I would say I’m generally a jovial person, but if I woke up and realized I’d lost 7,500 bitcoins, I would encourage the rest of the world to back away slowly without making any sudden movements. Fortunately for the public good this hasn’t happened to me, but it did happen to an unfortunate fellow named Jeremy Howells. He became semi notorious in the bitcoin community for accidentally disposing of his hard drive with the keys to all his bitcoins on it.
We’re still in the early stages of bitcoin’s life cycle, and five years is like the blink of an eye in currency-years. There is a strong trend toward mass adoption (5 million wallets growing 8x year over year, according to Mary Meeker’s annual report), but we’re not there yet. As things currently stand, there’s a fundamental disconnect in usability and control. You can choose to keep your private keys yourself in what is known as a client-side wallet, or you can hand them over to another party which stores them for you in a web wallet. When you do the latter, you’re trusting that they are taking appropriate security measures, and keeping at least the majority of your bitcoins incold storage. Unfortunately, Mt. Gox and other recent fiascos prove that this isn’t always the case, which is why the safest thing to do is probably to diversify your holdings by using a variety of wallets so if one gets hacked, you don’t lose everything.

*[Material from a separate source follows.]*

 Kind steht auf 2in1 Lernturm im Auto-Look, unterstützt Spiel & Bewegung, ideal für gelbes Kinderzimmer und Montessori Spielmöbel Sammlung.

You probably like things to be easy; most people do. Many users simply don’t want the headache of thinking about security, which is the appeal of a full-service solution that stores your private keys for you. The issue is problematic for more advanced or tech-savvy users, who generally want a heightened degree of security without sacrificing the ability to keep control of their assets.
Conveniently enough, the Bitcoin protocol can accommodate such a tall order. Pay to Script Hash (P2SH) is a type of bitcoin address that was introduced as part of Bitcoin Improvement Proposal 16 (also known as BIP 16), as of early 2012. P2SH addresses can be secured using a more complex algorithm than standard addresses and involve the use of multiple Elliptic Curve Digital Signature Algorithm (more commonly known as ECDSA) keys, rather than only one.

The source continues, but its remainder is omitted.